Probability of people in a queue Here is a simple model of a queue. The queue runs in discrete time (t = 0, 1, 2, . . .), and at each unit of time the first person in the queue is served with probability p and, independently, a new person arrives with probability q. At time t = 0, there is one person in the queue. Find the probabilities that there are 0, 1, 2, 3 people in line at time t = 2.
So i haven't read up on random variables yet, so i was wondering how to figure out this problem. I'm having trouble setting this up. I get since the notion of independence is implied there will be some multiplicatiom, but the ideas i've thought of just don't seem to make sense. Here is my best attempt in how to set up so far:
For the case of 2 people in line.
$P(2 ppl) = 3pqq(1-q)$ also what does multiplying by "p" have to do with anything if this is about people in a queue?

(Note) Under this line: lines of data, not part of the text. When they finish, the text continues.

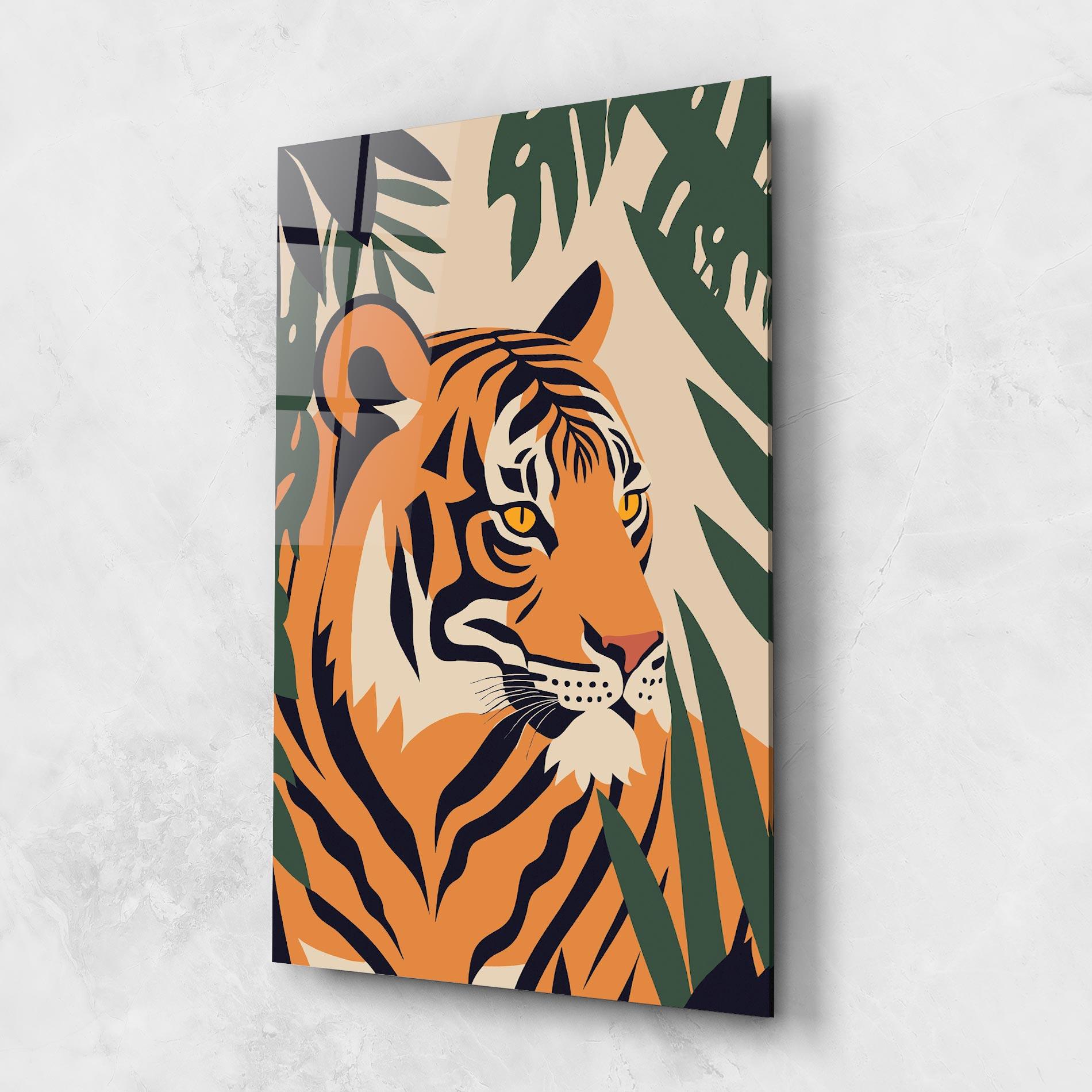 Tablou Sticla Cartoon Style Tiger mockup 1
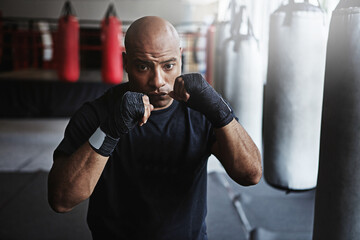 Fitness, punching and portrait of man in MMA gym for boxing, challenge or competition training....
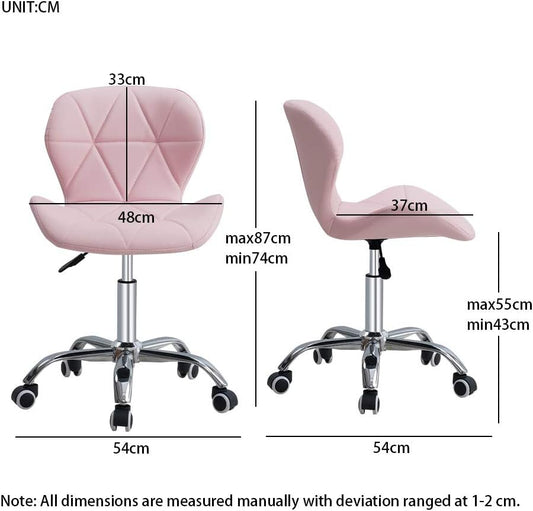 HomJoy Modern Design Office Chair, Swivel Computer Chair with PU Leather, Chrome Base, and Gas Lift, Height Adjustable Computer Desk Chair (Pink, PU)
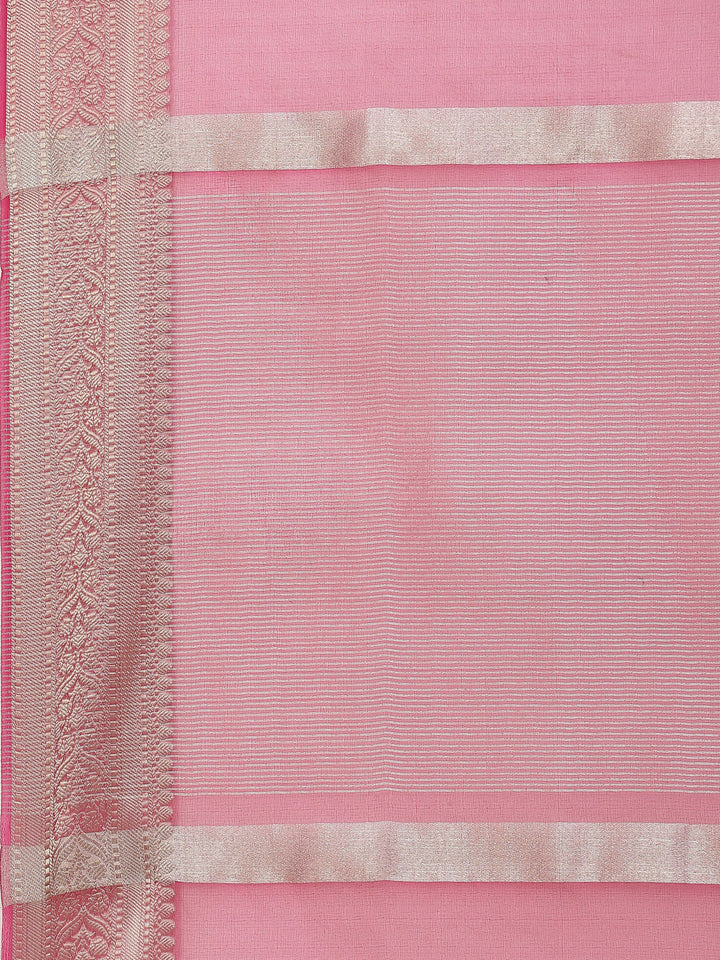 Zari Border Organza Plain Saree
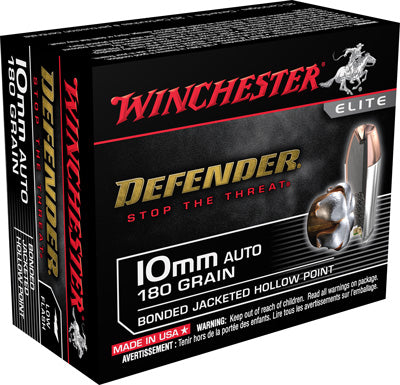 Winchester Defender 10mm Auto - 20rd 10bx-cs 180gr Bonded Jhp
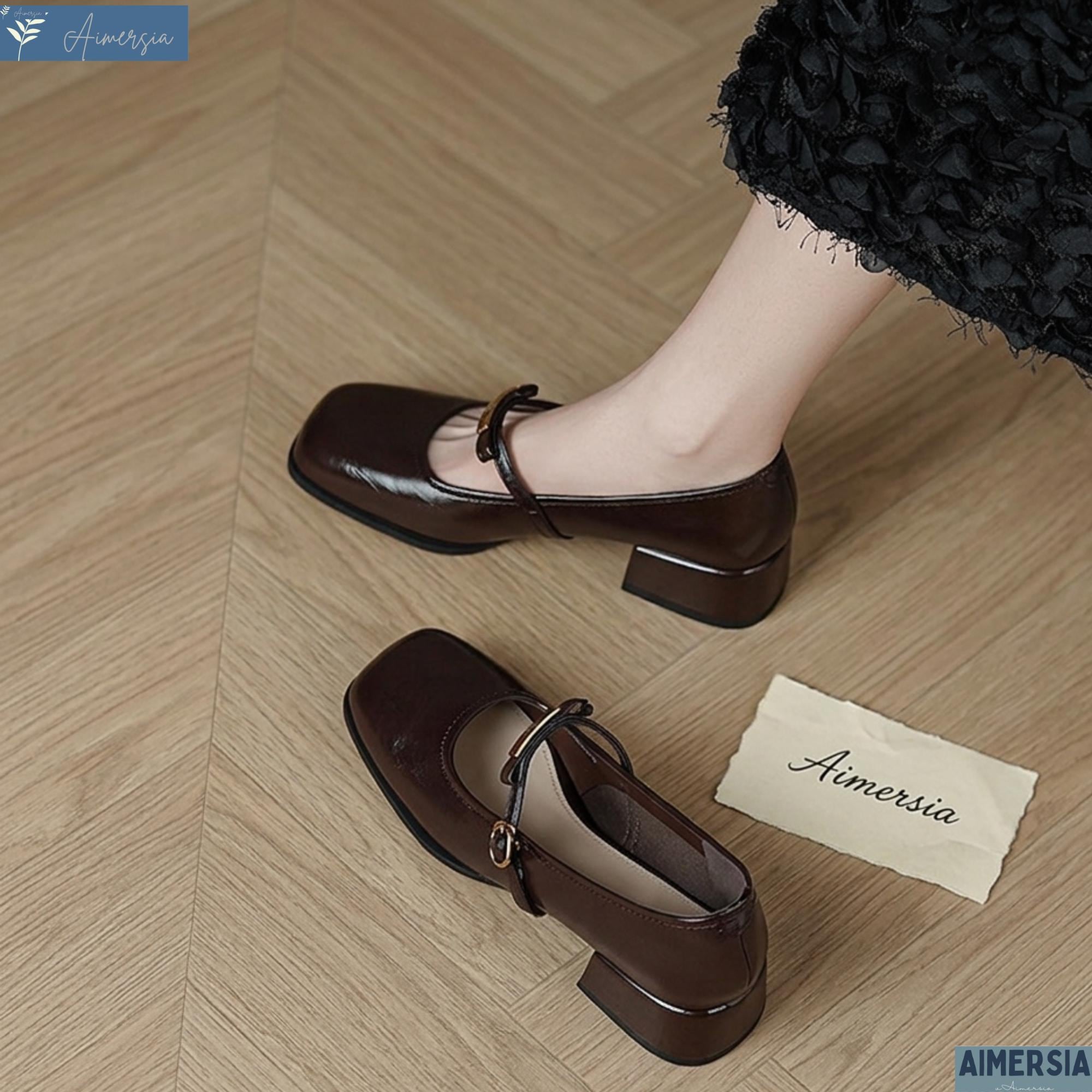 low heel brown dress shoes women Margaux - The Ada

 A: Assuming new arrivals in an interval always occur after any possible service happens; so that nobody can arrive at an empty queue, be served, and immediately depart.
To have $Z=n$ people in the queue after two intervals you need $1-X+Y=n$, where $X$ is the number of departures, and $Y$ the number of arrivals.  
It's given that at most one person arrives in a given time interval, and at most one person leaves in an interval.  So we can have 0,1,2 arrivals and 0,1,2 departures.  However, no more people can depart after an interval than were in the queue, so some orders of departure and arrival are prohibited.
$\begin{align}
P(Z=0) & = P([X=1,Y=0]\cup [X=2,Y=1]) 
\\ & = [\color{white}{p\,(1-q)\,1\,(1-q)+ (1-p)\,(1-q)\,p\,(1-q)}] + [\color{black}{p\,q\,p\,(1-q)}] 
\\ & = p\,(2-p)\;(1-q)^2 + p^2\,q(1-q) 
\\[2ex] P(Z=1) & = P([X=0, Y=0]\cup [X=1, Y=1]\cup [X=2, Y=2]) 
\\ & = [\color{white}{(1-p)^2(1-q)^2}]+ [\color{white}{p\,(1-q)\,1\,q + 3\,p\,q\,(1-p)\,(1-q)}]+[\color{white}{p^2q^2}]  
\\[2ex] P(Z=2) & = P([X=0, Y=1]\cup [X=1, Y=2])
\\ & = [\color{white}{(1-p)^2\,2\,q\,(1-q)}] + [\color{white}{2\,p\,(1-p)\,q^2}]  
\\[2ex] P(Z=3) & = P([X=0, Y=2])
\\ & = [(1-p)^2\,q^2]
\end{align}$